Anna Karenina, mujer enérgica y honrada, queda prendada del caballero y militar Vronsky hasta romper con las costuras de su propia condición de mujer casada, en una sociedad aristocrática rusa decadente, falta de valores y preñada de hipocresía. La protagonista es capaz de trascender su propia historia, las costumbres sociales, un marido de alta alcurnia e, incluso, en el más doloroso de los casos, a su propia hijo. Todo por ese enamoramietno.
No obtante, su incondicional entrega se corresponde a medias con la de su amado. Aunque al principio Vronsky se desboca por lograr su apreciado trofeo, luego caerá en lo que Schopenhauer advirtió: el aburrimiento. Allí donde ella empuja, él solo frena. Allí donde nació la pasión, ahora pervive la frustración. Se hizo realidad la visión de que en-amo-miento, es decir, que los estados afectivos alterados filtran una manera de ver el mundo errónea. Fiarse solo de los sentidos conlleva después el doloroso ejercicio de abrir los ojos y no reconocerse. ¿Cómo pudo ocurrir? ¿Cómo se puede estar tan ciego?

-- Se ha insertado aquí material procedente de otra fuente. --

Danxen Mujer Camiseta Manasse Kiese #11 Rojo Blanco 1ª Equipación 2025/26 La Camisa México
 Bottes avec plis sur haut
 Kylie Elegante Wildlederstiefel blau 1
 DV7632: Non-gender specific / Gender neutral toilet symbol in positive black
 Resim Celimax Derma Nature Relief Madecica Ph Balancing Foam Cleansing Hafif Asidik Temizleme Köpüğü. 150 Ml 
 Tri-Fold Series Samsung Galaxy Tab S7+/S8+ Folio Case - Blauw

No sería justo culpar a la desairada Karenina, puesto que puso toda la carne en el asador. Se entregó. Se rindió a la pasión y quiso creer que su altivo caballero la seguiría al fin del mundo. El delito de Anna, su único y gran error, fue su inmediatez, dejarse llevar por sus sentimientos sin tener en cuenta los de los demás. Con algo más de paciencia, con algo más de cordura y con los ojos bien abiertos se hubiera dado cuenta de la inconsistencia de su amado. Pero eso es lo que ocurre cuando solo hay pasión: mucha intimidad y muchas hormonas, sin tiempo de que crezca una verdadera raíz fruto del vínculo.
Anna Karenina se condenó por su empeño en querer a quien no la podía querer. Ese es su síndrome, el que sufren los que aman ciegamente, es decir, sin darse la oportunidad de encontrarse con el otro. Aman una idea y aman sus propias sensaciones. Pero no se dan cuenta de quién tienen delante, porque solo pueden ver su propio reflejo, como Narciso. Embriagados por la euforia confunden el amor a sí mismos con el amar.